__Problem details__:
Copy the listing exactly, images excluded.

__Data segment__:
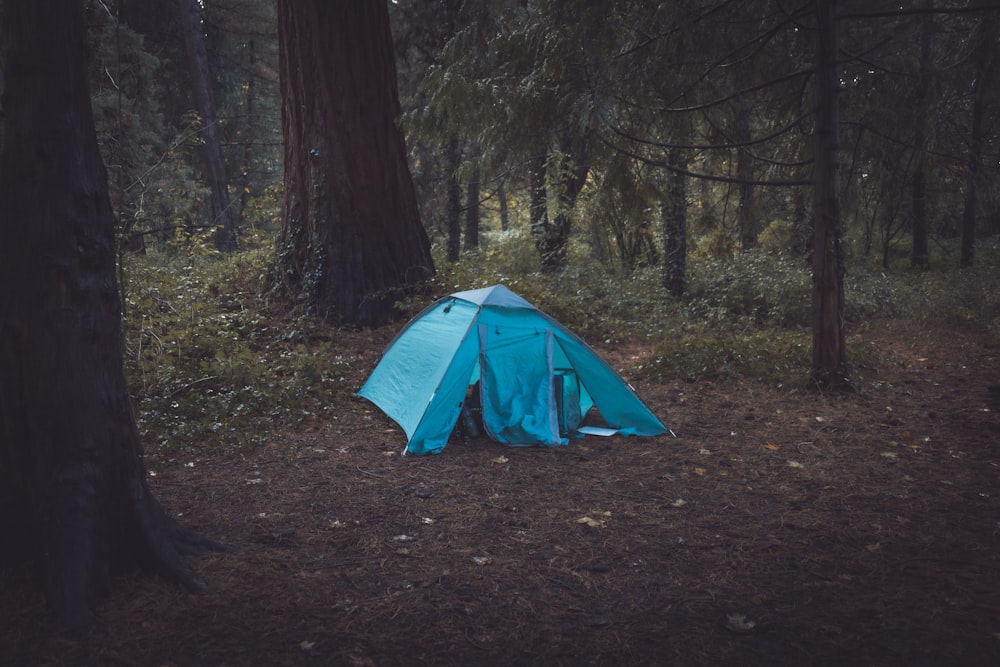 a blue tent sitting in the middle of a forest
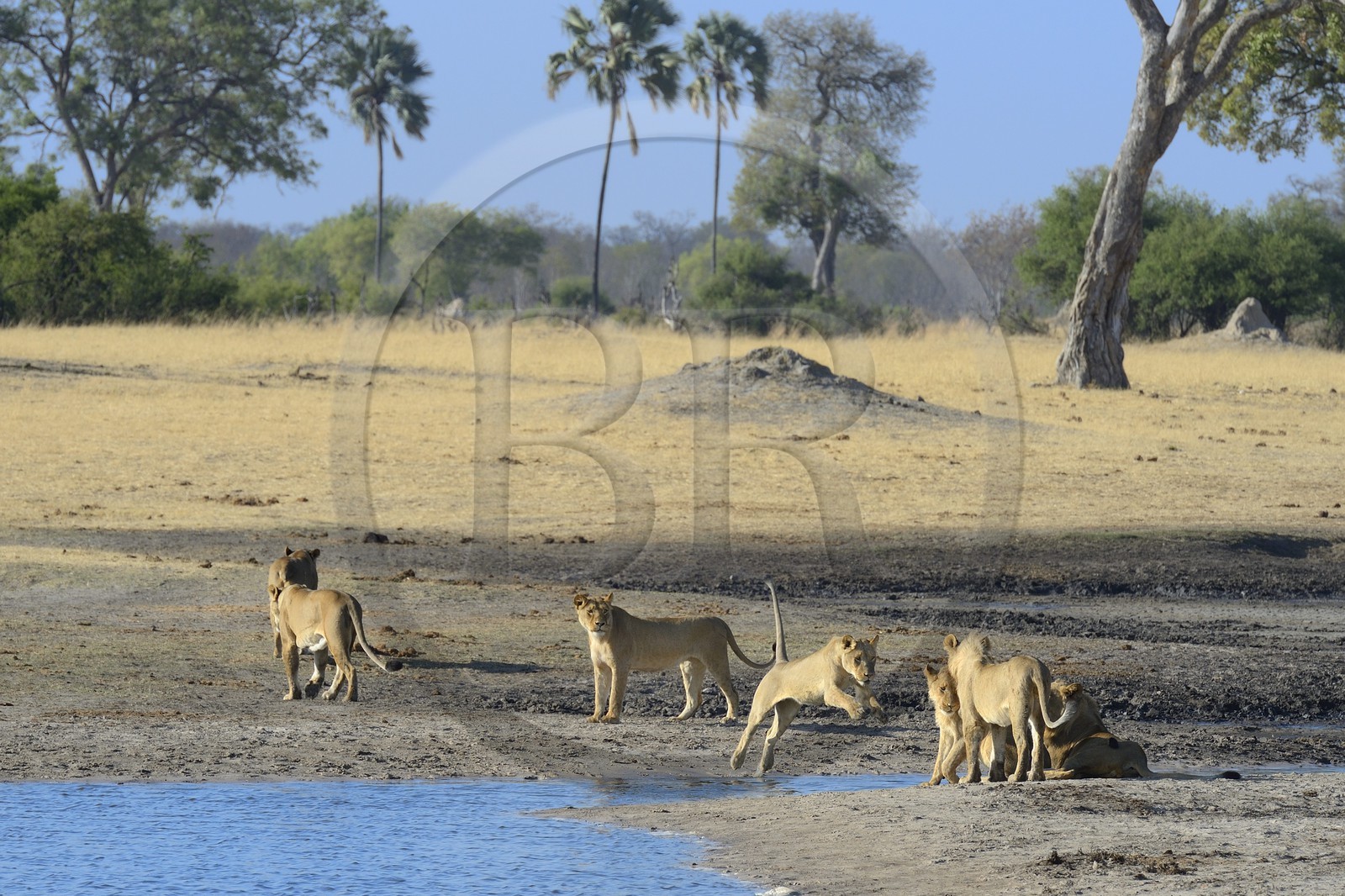 Zimbabwe, province de Matabeleland septentrional, parc national Hwange, groupe de lions (Panthera leo) autour d'un point d'eau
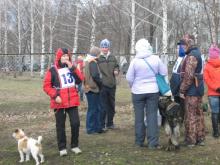 В Набережных Челнах состоялся турнир по спортивно-прикладному собаководству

__Result for this exercise__:
 a blue tent sitting in the middle of a forest
 Zimbabwe, province de Matabeleland septentrional, parc national Hwange, groupe de lions (Panthera leo) autour d'un point d'eau
 В Набережных Челнах состоялся турнир по спортивно-прикладному собаководству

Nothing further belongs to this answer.